Haiti rebels flex muscles, US warns
One of Haiti's rebel leaders defied the United States and declared himself chief of the military and police on Tuesday, and his ragtag band of fighters tried to arrest the prime minister.
The presence of U.S. forces, part of a Marine deployment sent by President Bush on Sunday hours after President Jean-Bertrand Aristide fled into exile in the face of a month-long revolt, prevented self-styled leader Guy Phillipe's men from seizing Prime Minister Yvon Neptune, an Aristide appointee.
As the seeds of possible tensions were sown between the U.S.-led force and the former soldiers and accused death squad leaders who helped oust Haiti's first elected leader, Washington warned the rebels to toe the line.
"All illegal and armed groups should lay down their arms. The rebels need to disband and go back to their homes," said State Department spokesman Richard Boucher.
But Philippe, speaking at a news conference earlier, said he was Haiti's military leader. Hundreds of rebels, many in military fatigues and brandishing automatic weapons, have entered the capital city since Aristide flew to Africa.

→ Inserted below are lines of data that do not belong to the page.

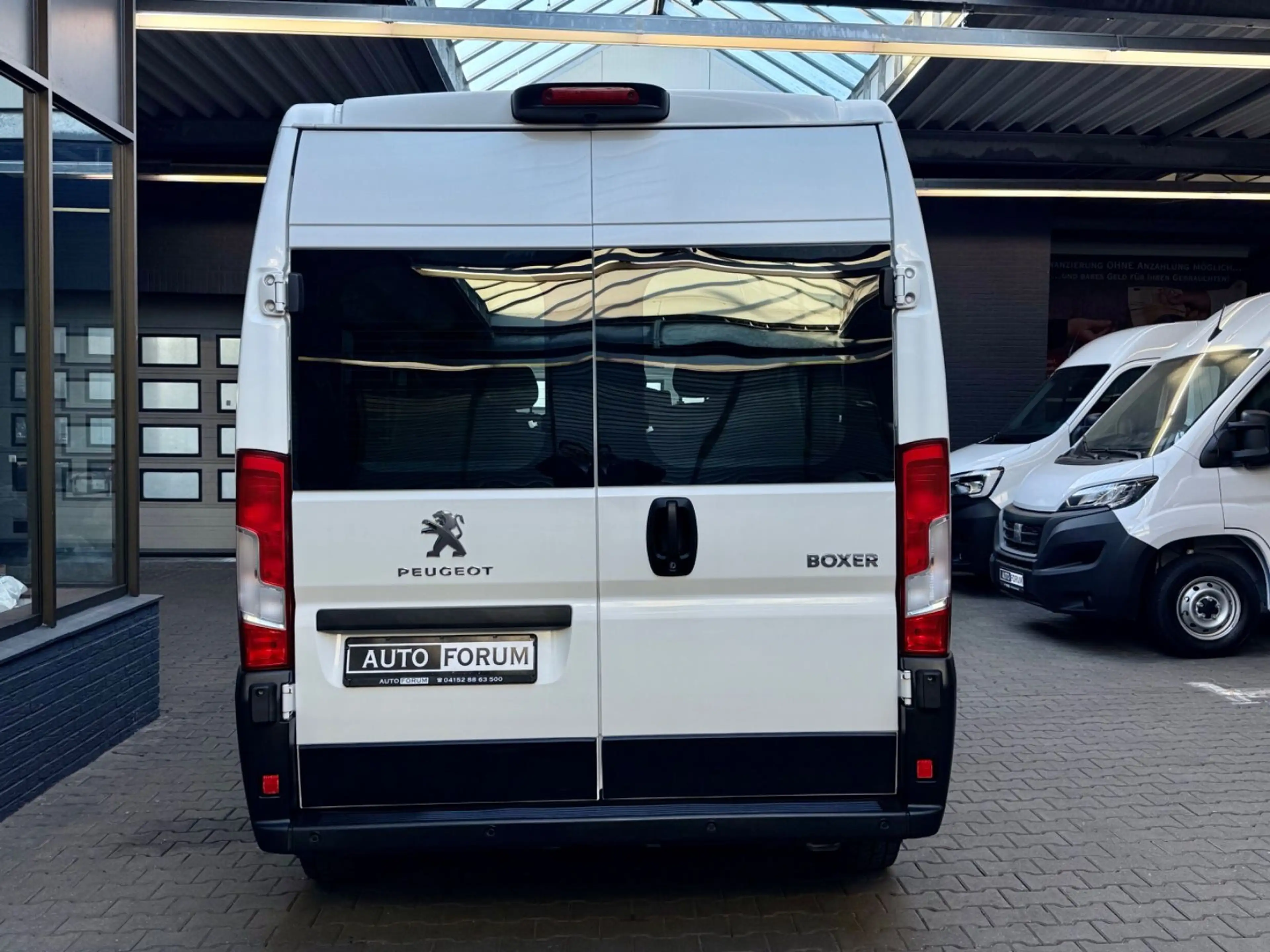 Peugeot Boxer 2.2 HDi L2H2 BUS 9-SITZER KLIMA CAM NAVI — photo 10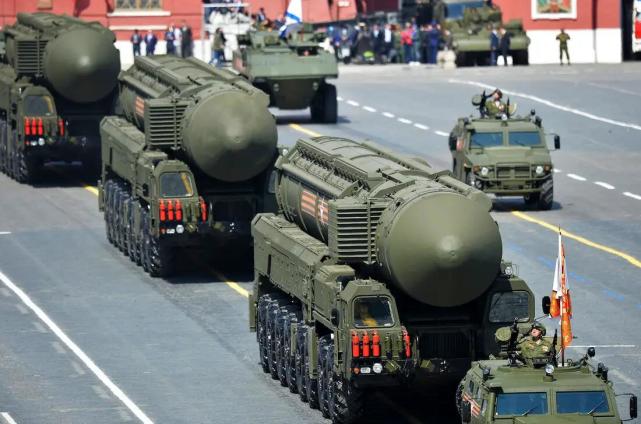 洲际导弹最快速度:俄20马赫,美15马赫,东风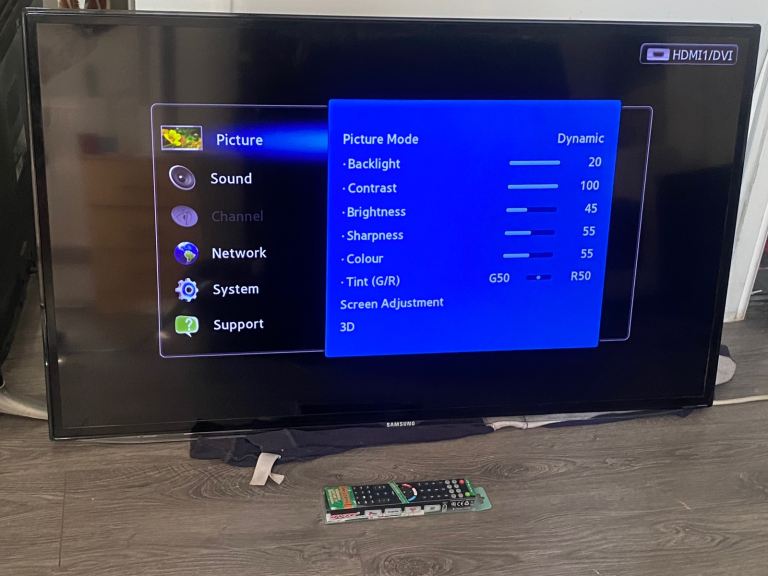 Samsung 48” Tv Brilliant Condition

"I am commander-in-chief of the national resistance front, military chief," the former police chief, 36, said, surrounded by his gunmen and members of the Haitian National Police.
He also said he would obey the orders of acting president Boniface Alexandre, who took over as stipulated by the constitution but whose appointment has been questioned because of the absence of a parliament to approve it.
At the same time, he appeared to warn Alexandre when he said that the "people of Haiti will talk to him as they talked to Aristide" unless he creates a new army.
Asked who had named him Haiti's security chief, Philippe merely said, "The Haitian people."
MARINES TO STEP UP VISIBILITY
The U.S. military in Haiti would step up it presence in the streets in response to Philippe's declarations, Col. David Berger, commander of the multinational force, told reporters.
In a sign that the rebels were not in total control, they failed in a bid to arrest Neptune. A rebel convoy arrived at Neptune's house in Port-au-Prince, but turned away after seeing U.S. forces guarding the residence.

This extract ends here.